I see this milieu as being a shock to Players. There would be a threshold of "oops, my PC wouldn't really think that." You'd almost have to have a catch-phrase alert when a PC went "off-wire" from the milieu assumptions. (A minor in-game helpful poke from other Players, "hey, think again, you're off-wire.")
Pretty cool.
Posted by: Arref at Apr 15, 2006 9:29:43 AM
Sounds like an interesting setting.
It's a bit of a lot to digest for me, though.
What kind of adventure hooks would work for it?
Posted by: Vaxalon at Apr 15, 2006 10:01:59 AM
Vaxalon: You make up scenarios the usual way: make up characters, and then figure out problems that they have which put them into irreconcilable conflict, yadda yadda yadda -- you know the drill perfectly by now. The science fiction happens because when the players make the characters take dramatic action, we will find that the choices they face and the consequences of those choices are very different than in the present.
Arref: yes, I think this is why high-complexity settings work best as collaborative enterprises -- everybody can participate in keeping things coherent. (The Ennead's Known World is probably one of the limit points of this kind of process.)
This setting document is probably a little too big to be a good starting point, actually, because it has put too much stuff in my hands as the originator (which tends to make me an authority). If I ran a game using it, I'd just cut section 2 altogether and start all the stuff there fresh.
Posted by: Neel Krishnaswami at Apr 15, 2006 12:06:36 PM
This is, conceptually, a lot closer to Futurama then I thought at first glance.
Posted by: Jeffwik at Apr 15, 2006 12:39:41 PM
I like this, but I'm not sure it's "This Is Not Utopia" enough. Something more has to be wrong with living here!
I'm also skeptical that things would work out to remove mind-numbing work, because such evolution has always been predicted and yet never come around. Do less-successful people simply get uplifted to a higher ability, or do they go on the Dole? (I'm reminded of "Beggers in Spain", now...)
Posted by: Dev Purkayastha at Apr 15, 2006 2:22:23 PM
Dev: In Futurama, there is still an underclass, working poor, drifters, hobos, etc., but they're robots. Which (according to the commentaries on the Futurama DVDs) is deliberate. The economic structures are the same, but the base of the (larger than it used to be) pyramid is robotic.
I'm sticking with Futurama on this one.
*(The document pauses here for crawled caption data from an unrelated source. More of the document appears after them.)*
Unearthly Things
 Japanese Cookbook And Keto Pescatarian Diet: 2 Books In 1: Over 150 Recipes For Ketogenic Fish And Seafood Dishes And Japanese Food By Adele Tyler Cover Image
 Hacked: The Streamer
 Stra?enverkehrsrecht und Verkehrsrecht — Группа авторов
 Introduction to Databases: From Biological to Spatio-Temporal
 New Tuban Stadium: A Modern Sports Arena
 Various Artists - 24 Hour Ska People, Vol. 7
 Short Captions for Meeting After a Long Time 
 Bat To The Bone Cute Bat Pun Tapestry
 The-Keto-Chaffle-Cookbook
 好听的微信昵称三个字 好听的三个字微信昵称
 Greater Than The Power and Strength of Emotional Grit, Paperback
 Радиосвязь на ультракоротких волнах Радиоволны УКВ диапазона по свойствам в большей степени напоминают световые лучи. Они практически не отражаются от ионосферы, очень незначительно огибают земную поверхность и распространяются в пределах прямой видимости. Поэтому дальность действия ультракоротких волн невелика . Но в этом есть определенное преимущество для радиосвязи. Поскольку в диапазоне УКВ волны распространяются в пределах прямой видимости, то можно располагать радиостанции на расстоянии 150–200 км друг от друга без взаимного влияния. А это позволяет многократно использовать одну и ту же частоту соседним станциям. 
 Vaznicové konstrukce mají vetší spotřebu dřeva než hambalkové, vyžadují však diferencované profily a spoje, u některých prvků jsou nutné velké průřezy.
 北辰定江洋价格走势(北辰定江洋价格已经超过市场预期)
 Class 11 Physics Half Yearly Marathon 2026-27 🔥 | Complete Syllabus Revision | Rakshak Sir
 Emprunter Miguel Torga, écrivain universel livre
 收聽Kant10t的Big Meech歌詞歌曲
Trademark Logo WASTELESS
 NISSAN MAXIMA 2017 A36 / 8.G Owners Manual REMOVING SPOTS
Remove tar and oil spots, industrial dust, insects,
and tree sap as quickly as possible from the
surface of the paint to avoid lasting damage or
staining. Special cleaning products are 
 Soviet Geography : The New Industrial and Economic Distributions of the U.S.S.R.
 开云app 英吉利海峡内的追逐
There are some differences, but there are more similarities. It certainly sounds more like Futurama than any other sci-fi franchise I've read/seen.
Posted by: Jeffwik at Apr 15, 2006 4:10:31 PM
I think The Three Musketeers is read with idealism. I think it was written with neither idealism or cynicism; IME, when French novelists write aristocrats they do so with a finesse that virtually all Americans lack when considering aristocracy -- they seem to acknowledge the glamour of aristocracy as well as the villiany of the entire class with a matter-of-factness born, I suspect, of their long history with absolutist monarchies. That to the French mindset there is a simple acknowledgement that all aristocrats were sexy, glamour, powerful and just the most rotten sonsofbitched imaginable.
Posted by: Chris Bradley at Apr 16, 2006 11:02:54 AM
Hi Chris, I think there's a lot of truth in what you're saying, because this is the Internet, I can't agree with you completely. :)
I'm thinking of this bit near the start of Twenty Years After where the musketeers re-unite, learn that they are in different political camps, and after some intrigue and tense negotiation just barely overcome their mutual suspicion and promise not to murder one another. Dumas's narrator then waxes rhapsodic about this episode as great victory of humanity and friendship. That's what I mean by a strange mixture of idealism and cynicism; it's cynical to suppose that it's normal for old friends to murder each other for political gain, and it's idealistic because -- well, they didn't murder each other.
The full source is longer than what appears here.